In 1446, he went to Bruges, where he was successful in business and became governor of the Company of Merchant Adventurers of London. His trade brought him into contact with Burgundy and it was thus that he became a member of the household of Margaret, Duchess of Burgundy, the sister of the English King. This led to more continental travel, including travel to Cologne, in the course of which he observed the new printing industry, and was significantly influenced by German printing. He wasted no time in setting up a printing press in Bruges in collaboration with a Fleming, Colard Mansion, on which the first book to be printed in English was produced in 1473: Recuyell of the Historyes of Troye,[2] a translation by Caxton himself. Bringing the knowledge back to his native land, he set up a press at Westminster in 1476 and the first book known to have been issued there was an edition of Chaucer's Canterbury Tales (Blake, 2004–7).
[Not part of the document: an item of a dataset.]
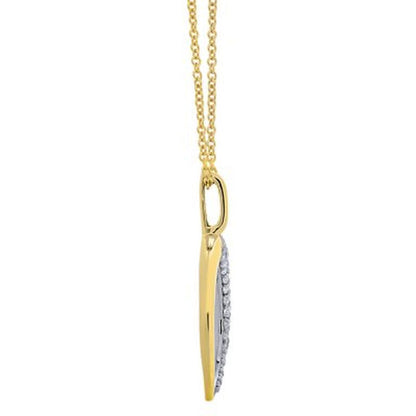 0.10 CT. T.W. Moon Double Horn Pendant Necklace in 14K Yellow Gold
Another early title was Dictes or Sayengis of the Philosophres (Sayings of the Philosophers), first printed on 18 November 1477, written by Earl Rivers, the king's brother-in-law. Caxton's translation of the Golden Legend, published in 1483, and The Book of the Knight in the Tower, published 1484, contain perhaps the earliest verses of the Bible to be printed in English.
Caxton produced chivalric romances, classical-authored works and English and Roman histories. These books strongly appealed to English upper classes around the end of the fifteenth century. Caxton was supported by, but not dependent on, nobility and gentry.
The most important works printed by Caxton were Dictes and Sayings of the Philosophers, Le Morte d'Arthur and Geoffrey Chaucer's Canterbury Tales. He produced two editions of the latter.
Caxton's precise date of death is uncertain, but estimates from the records of his burial in St. Margaret's, Westminster, show that he died in about March 1492.
Caxton was not without his detractors. There was widespread unease amongst the merchant class of the time, who felt that if the printed page were to become widely available to the population, then it might filter through to the poor. The poor, it was believed, might then "become aware and enlightened of their circumstances"[citation needed] and, ultimately, dissatisfied and aggrieved. This, it was felt, might lead to unrest and civil disturbance.[citation needed]
In challenging the wisdom of his critics, Caxton announced: "If tis wrong I do, then tis a fine and noble wrong".[citation needed]
Caxton printed four-fifths of his works in English. He translated a large amount of works into English. He translated and edited a large amount of the work himself.
However, the English language was changing rapidly in Caxton's time and the works he was given to print were in a variety of styles and dialects. Caxton was a technician rather than a writer and he often faced dilemmas concerning language standardisation in the books he printed. (He wrote about this subject in the preface to his Eneydos.[3]) His successor Wynkyn de Worde faced similar problems.
Caxton is credited with standardising the English language (that is, homogenising regional dialects) through printing. This facilitated the expansion of English vocabulary, the development of inflection and syntax and the ever-widening gap between the spoken and the written word.
However, Richard Pynson, who started printing in London in 1491 or 1492 and who favoured Chancery Standard, was a more accomplished stylist and consequently pushed the English language further toward standardisation.
It is asserted that the spelling ghost with the silent letter h was adopted by Caxton due to the influence of Dutch spelling habits.[citation needed]
Billionaire Bruce Kovner named his firm Caxton Associates in honor of the printer.